About
I am an Associate Professor of Economics at Gustavus Adolphus College and hold the Schnell Family Endowed Chair in Economics–Capital Systems. I received my Ph.D. in Economics from George Mason University.
I am interested in political economy, innovation, health economics, and institutional analysis. I study how institutions shape discovery: what people are able to try, learn, build, and sustain under different political and regulatory arrangements.
My current research centers on two connected agendas. The first is forgone innovation: the discoveries, technologies, business models, and forms of organization that never emerge because rules make them illegal, unfundable, too risky, or too cumbersome to try. My recent article in the European Economic Review develops this idea by showing how regulation can prune the adjacent possible, narrowing not only what people may do now, but what future possibilities can be discovered.
The second is entangled political economy. This work examines how political and economic life evolve together, especially as rules, permissions, mandates, subsidies, and political relationships become woven into ordinary economic life. I am currently developing this line of work in a book project with Richard E. Wagner on democracy, human nature, and the erosion of liberal order.
Across these projects, I return to a common question: what happens when institutions narrow the space for experimentation, learning, and adaptation?
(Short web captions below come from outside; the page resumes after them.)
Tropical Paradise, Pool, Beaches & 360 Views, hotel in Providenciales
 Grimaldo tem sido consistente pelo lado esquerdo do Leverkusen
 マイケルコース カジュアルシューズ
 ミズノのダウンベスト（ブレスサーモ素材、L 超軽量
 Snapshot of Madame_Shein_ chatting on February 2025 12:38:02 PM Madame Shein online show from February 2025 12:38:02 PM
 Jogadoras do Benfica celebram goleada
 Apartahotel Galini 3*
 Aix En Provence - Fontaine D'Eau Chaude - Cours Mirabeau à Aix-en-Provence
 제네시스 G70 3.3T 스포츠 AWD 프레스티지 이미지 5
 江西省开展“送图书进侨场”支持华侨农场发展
I grew up in Poland and came of age during the post-communist transition, an experience that shaped my interest in liberty, entrepreneurship, institutional change, and the often invisible costs of blocked discovery. I remain especially interested in the conditions that allow people to build self-defined lives.
I founded the Entangled Political Economy Research Network and have served on the Board of Directors of the Public Choice Society. My coauthored work on scientific advisory institutions during the COVID-19 pandemic received the Duncan Black Prize from the Public Choice Society.
I also write for broader audiences about institutions, discovery, freedom, health care, prediction markets, and civic life.